What would disprove the theory that Wave 3 has begun? If AEM were to be pounded back into its former trading range with the other gold stocks acting poorly (and moving back into the year long downtrend), this would seriously frustrate gold stock bulls, and the selling could gain momentum. Given that it appears that the inflation strategy of the government, the Fed, and Wall Street seems to be total denial of inflation, there is a lot of “incentive” to hammer gold stocks back into their former trading range and frustrate the bulls. If they can do this, it will provide excellent cover for denying the presence of serious levels of inflation. If my goal was to deny inflation to the public, and I had enough funds, ethics aside, that is exactly what I would try to do to the gold market. But until these technicalities come to pass, there is every reason to remain short term bullish on gold and gold stocks. More evidence of monetary inflation is the outperformance of gold compared to commodities as measured by the CRB index as shown in the chart below:
This chart provides evidence that monetary inflation is the goal of those that control inflation, and they have been quite successful at that game since late 2005. I call this a decisively broken trendline. Notable in today’s market are the following: - Trading volume this week has been relatively high with little net price movement. This suggests that there is likely to be a turning point occurring soon.

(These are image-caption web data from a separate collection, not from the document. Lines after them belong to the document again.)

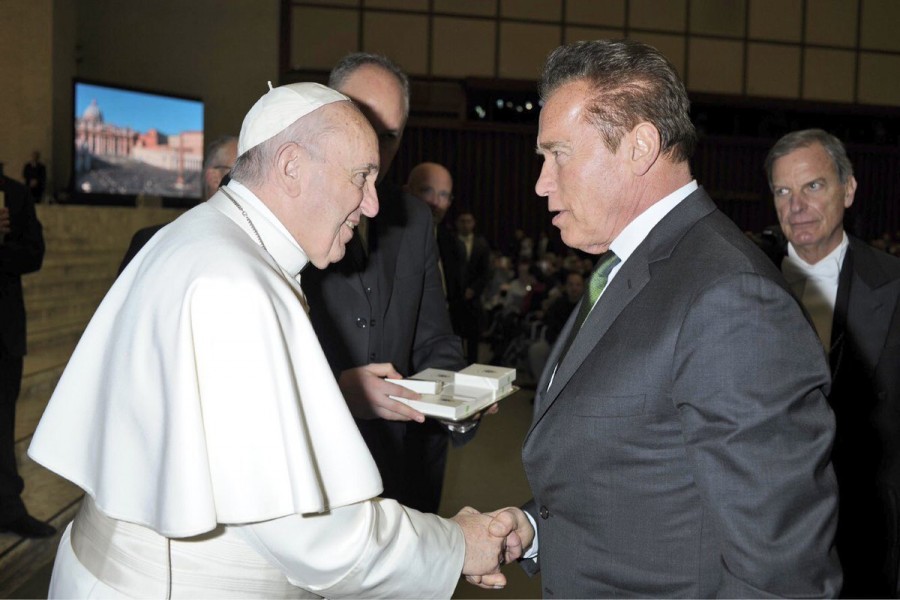 Visita?Arnold Schwarzenegger al Papa Francisco en el Vaticano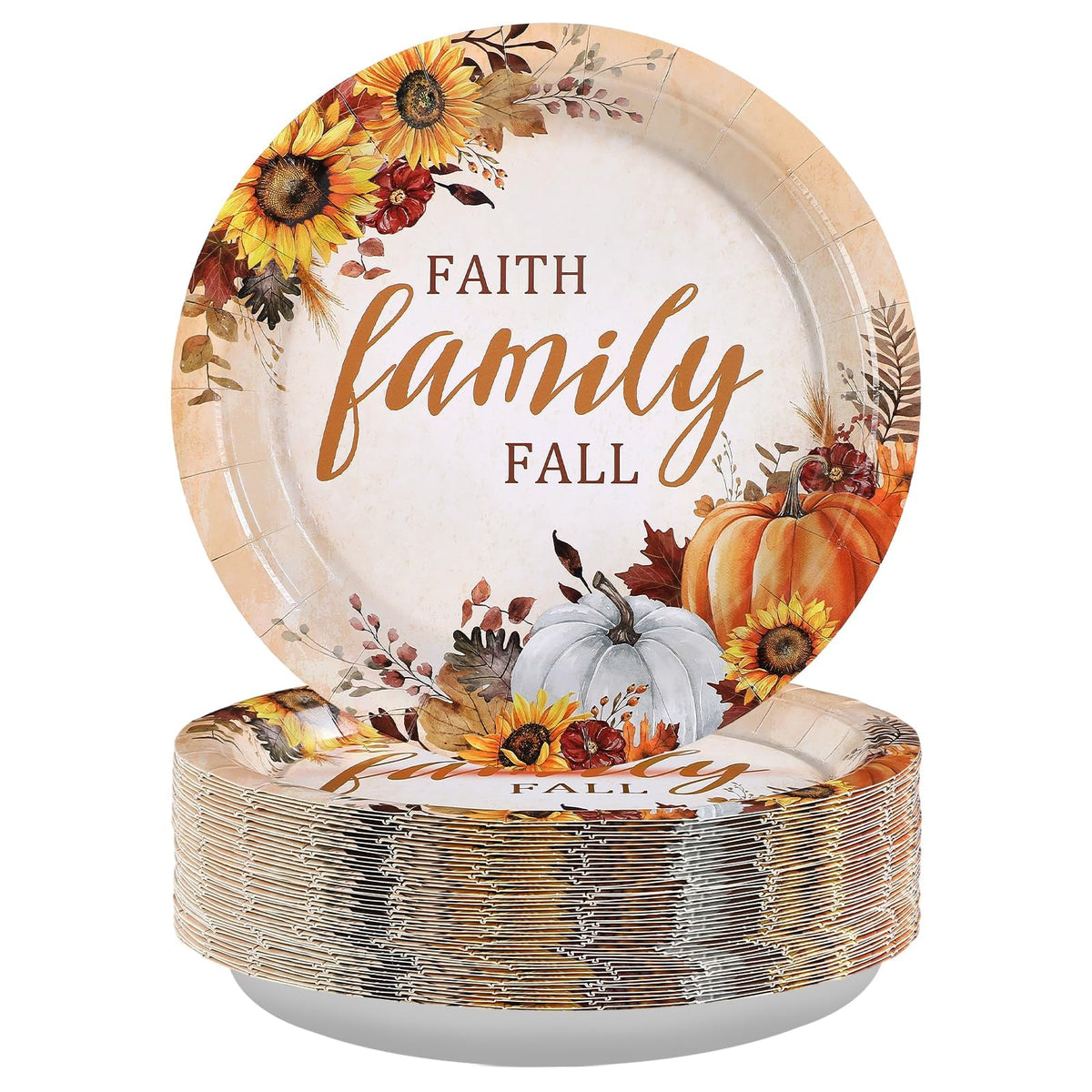 50 Pcs Fall Faith Family Party Paper Plates - Grencian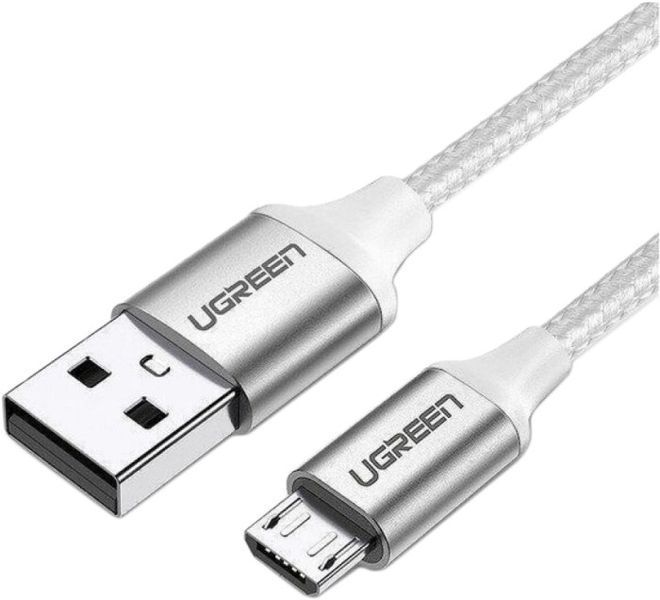 Кабель UGREEN US290 USB 2.0 To Micro Cable Nickel Plating Aluminum Braid 2A 1m White (60151) 278774 фото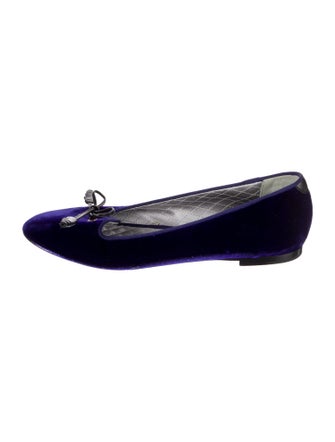 Tom Ford Velvet Bow Accents Ballet Flats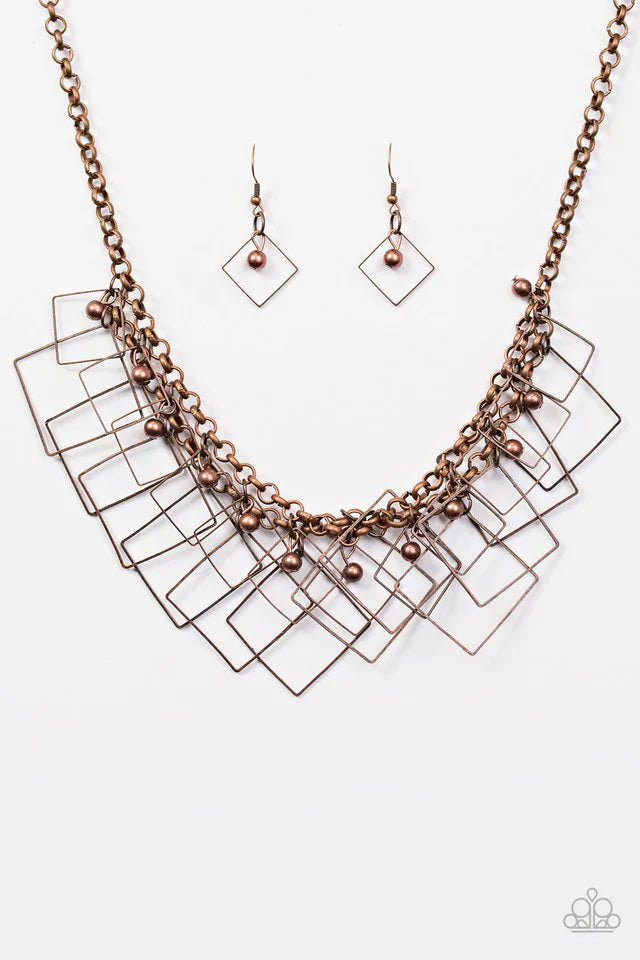 Paparazzi Necklace ~ The Square Off - Copper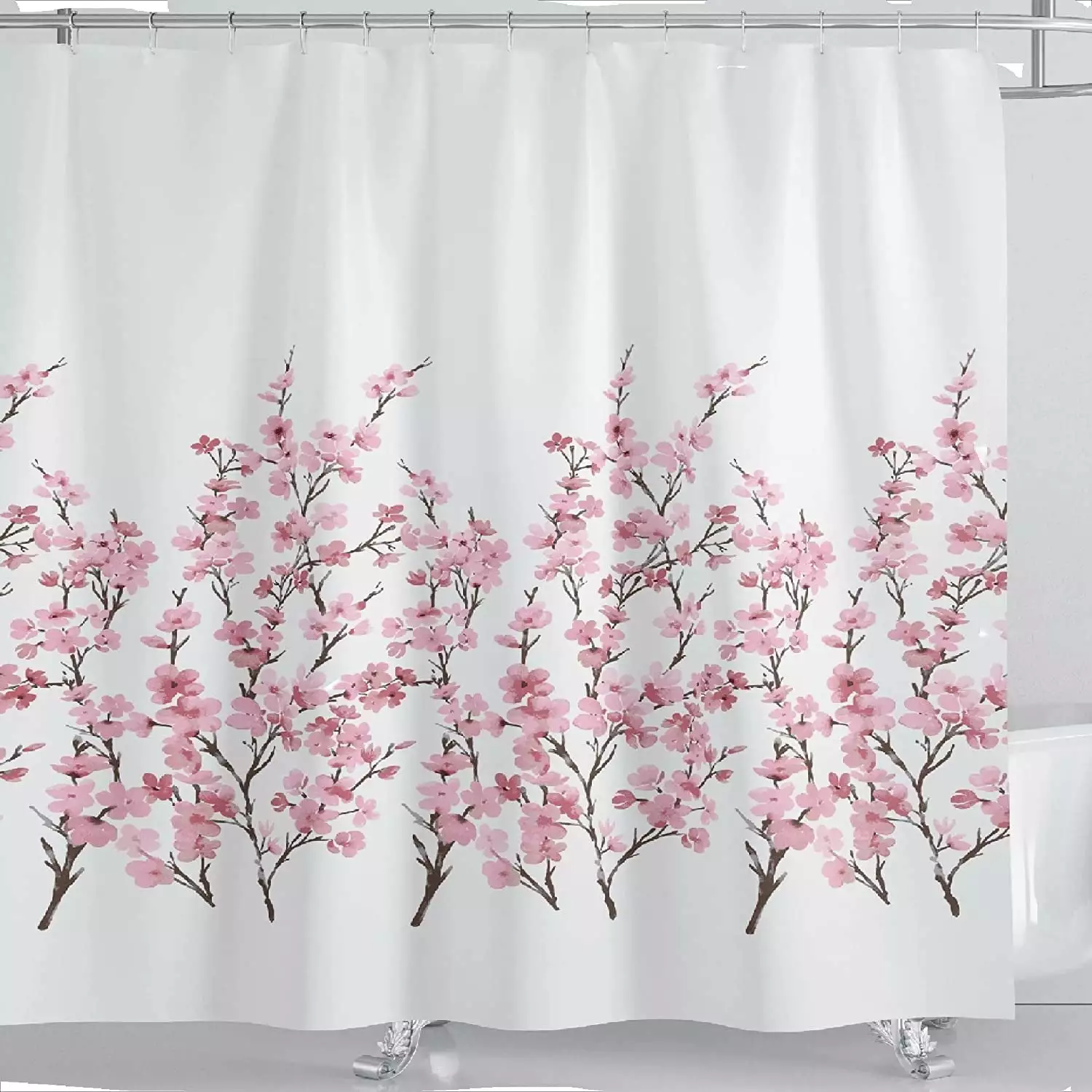 JUPA Place Premium Polyester Fabric Modern Floral Shower Curtains -Boho Chic Blooming Pink Flower Bathroom Shower Curtain - Lightweight Shower Curtain with 12 Hooks - (72 x 72 inches)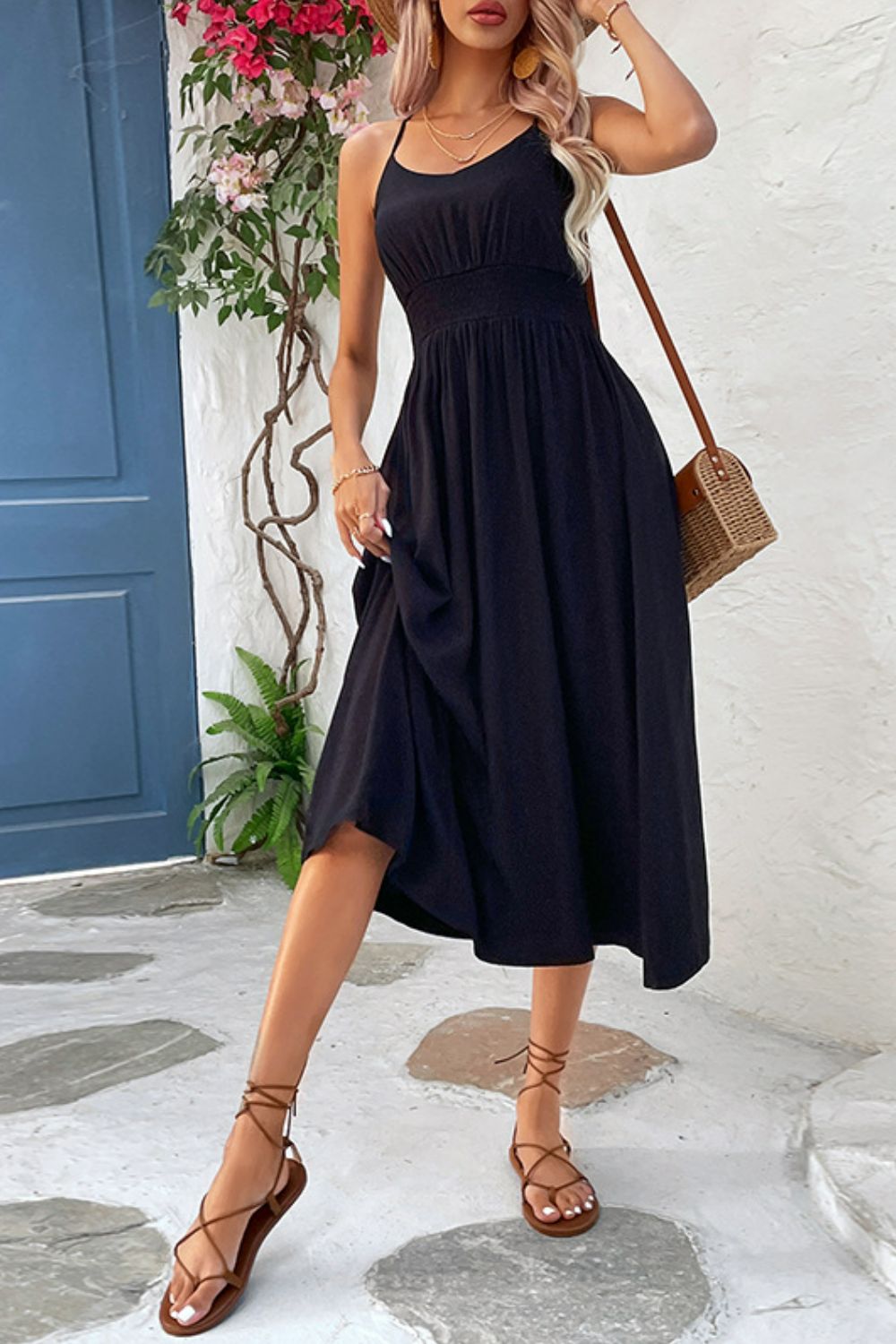 *APP EXCLUSIVE* Spaghetti Strap Scoop Neck Midi Dress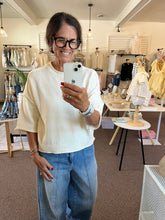 Load image into Gallery viewer, Cora Raw Edge Top - Ivory
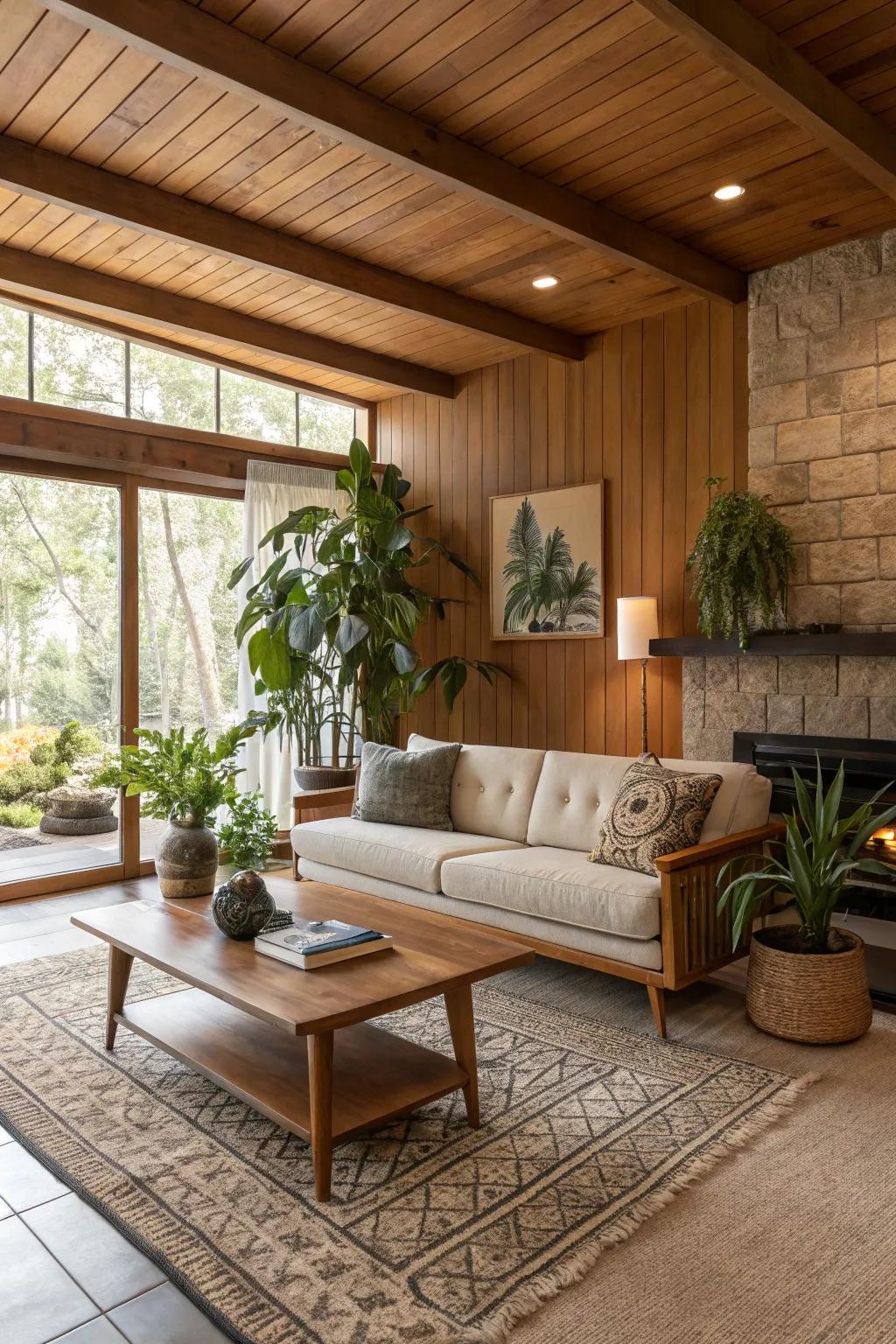 Natural wood finishes add warmth and organic texture to this mid-century modern space.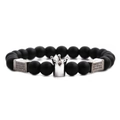 Detailansicht schwarzer mattierter Perlen und Silberkrone auf dem Herrenarmband - Matte Stein Silber Weiß Zirkonia Rechteckige Krone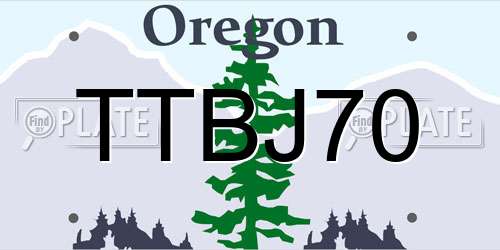 TTBJ70 Oregon License Plate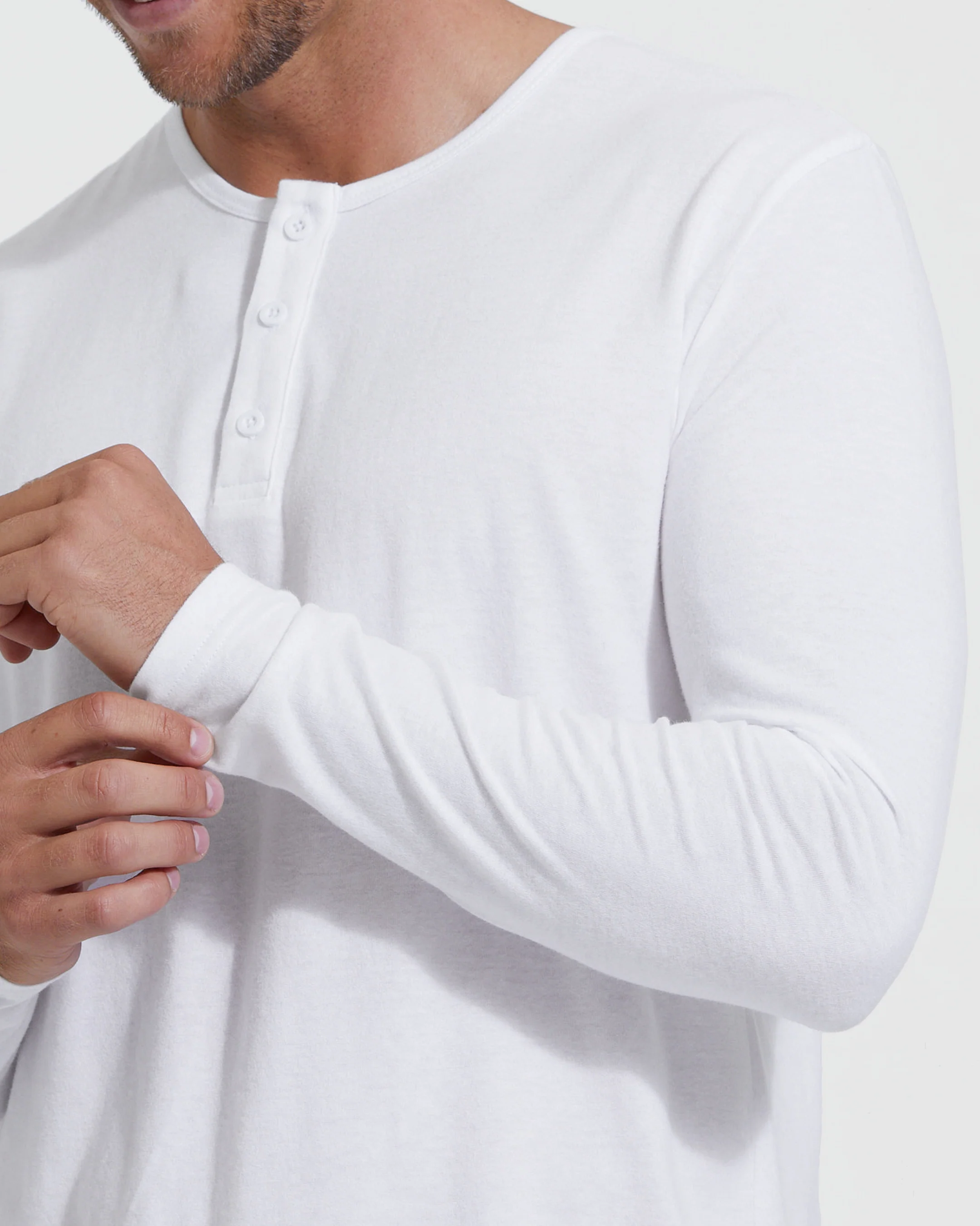 White Classic Long Sleeve Henley - Image 5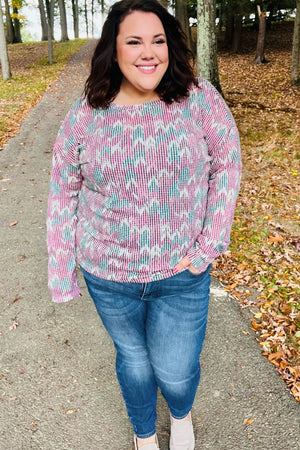 Magenta & Teal Vintage Two Tone Knit Top - Coeur de la Mode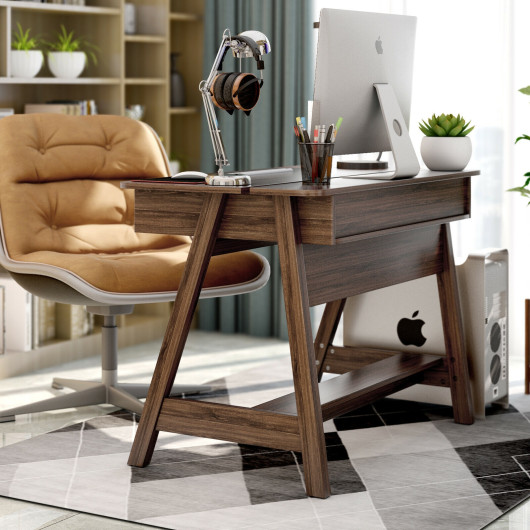 Vintage Writing Desk with Hidden Storage and Open Shelves
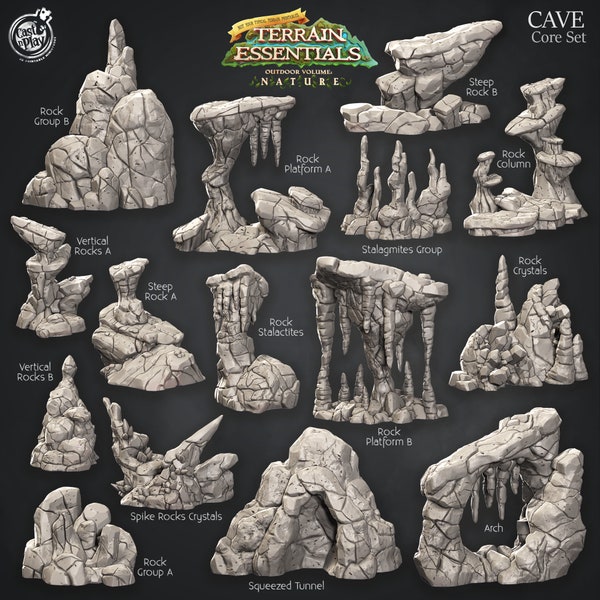 Cave Terrain - Core Set | D&D | DnD | Dungeons and Dragons | Wargaming | 3D Printed | Model | Role Playing | Pathfinder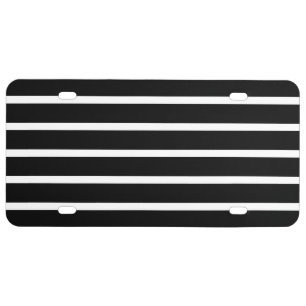 Modern Black and White Stripe License Plate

While there is still not adequate evidence to sell or go short, the market is probably near an important turning point. Everyone is expecting a “Santa Claus rally,” and professionals are expecting a bullish market with Wall Street bonuses at stake. Although they tend to be correct during Wave 3’s, at important turning points in the market, “the crowd” tends to be wrong. - Retail stocks are underperforming the overall US stock market. The 2 year chart of the Retail Holders ETF (RTH) versus the S&P 500 is anything but bullish.
- The homebuilders, despite apparently horrible near term fundamentals (except for interest rates), are rising in the manner that GM has risen a short time ago. It appears that the homebuilders are going to move back to the neckline of the completed head and shoulders pattern and this would set up the selling opportunity of a lifetime.